All that is wanted is the lines from the first line of the listing below through the line containing "Microtech Ultratech D/E", written out exactly with pictures left out.
** INPUT DATA follows **
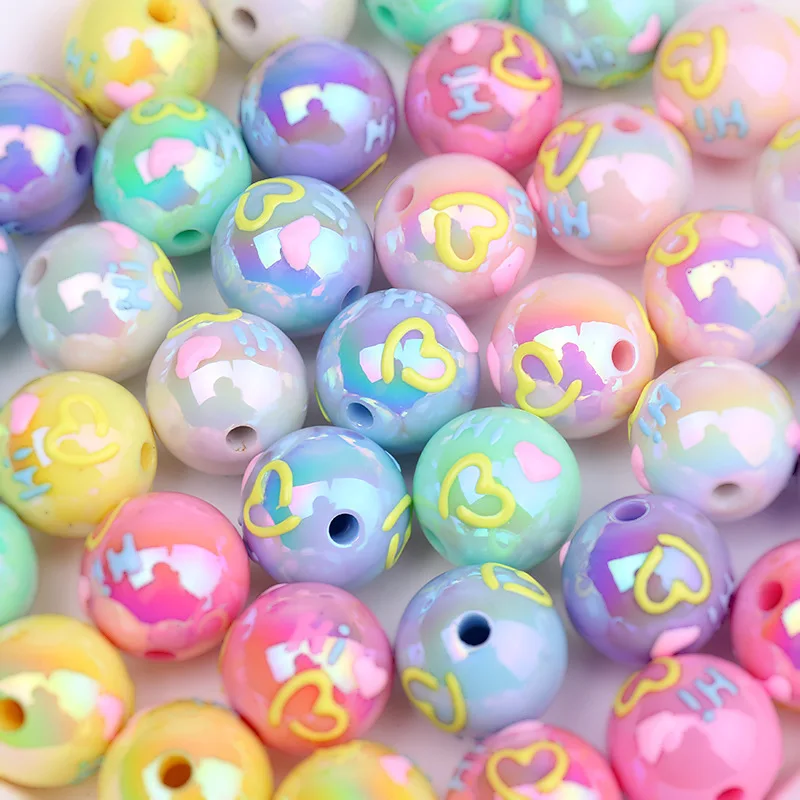 

Новинка 50 шт. 16 мм AB пружина пастельные цвета Gumball Bubblegum Акриловые бусины с Enmal Hi Love сердечко печать Pastic Бисероплетение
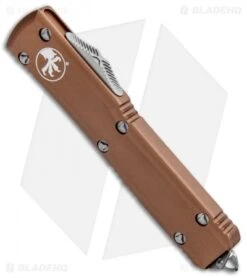 Microtech Ultratech D/E OTF Automatic Knife Tan CC (3.4" Satin) 122-4TA -Blade HQ Shop Microtech Ultratech DE OTF Auto Tan CC Satin 122 4TA BHQ 51909 jr spine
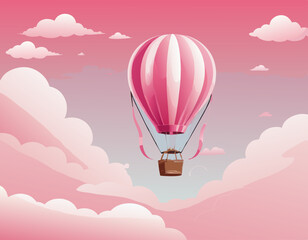 Obraz premium Landscape cloud and hot air balloon flat design vector illustration good for wallpaper, background, banner, backdrop, tourism and design template stock illustration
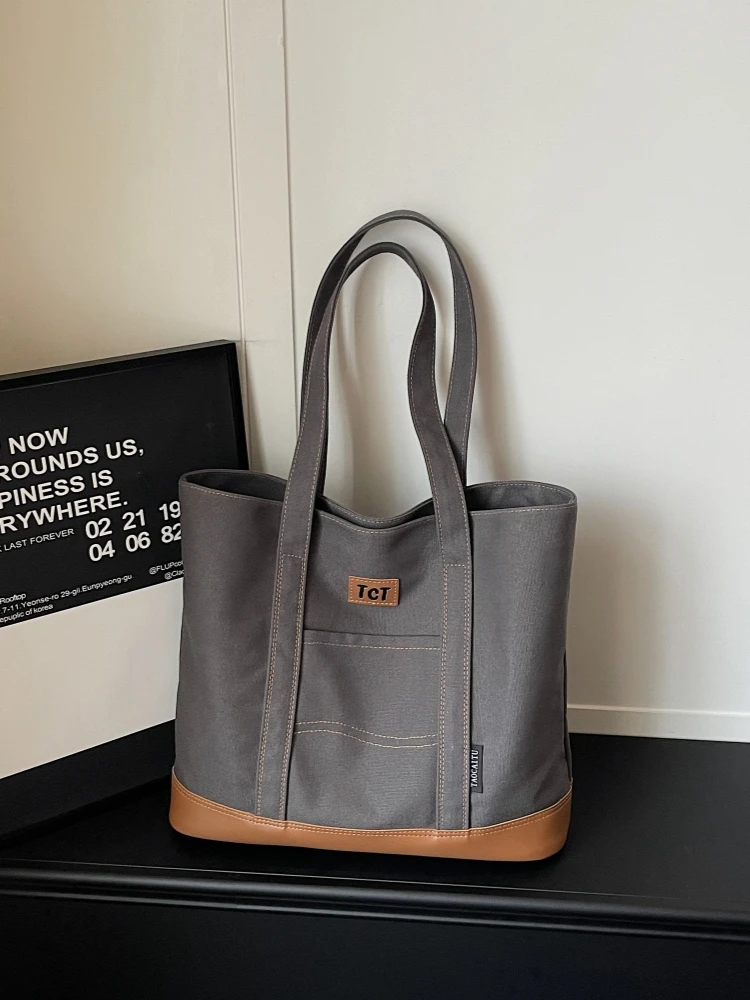 Fashionable Color Block Canvas Tote Bag Women's Large Capacity Shoulder Bag 2026 New Style Versatile Bear Lady Handbag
** End of INPUT DATA **
▸ **ANSWER BOX**:
Новинка 50 шт. 16 мм AB пружина пастельные цвета Gumball Bubblegum Акриловые бусины с Enmal Hi Love сердечко печать Pastic Бисероплетение
 Microtech Ultratech D/E OTF Automatic Knife Tan CC (3.4" Satin) 122-4TA -Blade HQ Shop Microtech Ultratech DE OTF Auto Tan CC Satin 122 4TA BHQ 51909 jr spine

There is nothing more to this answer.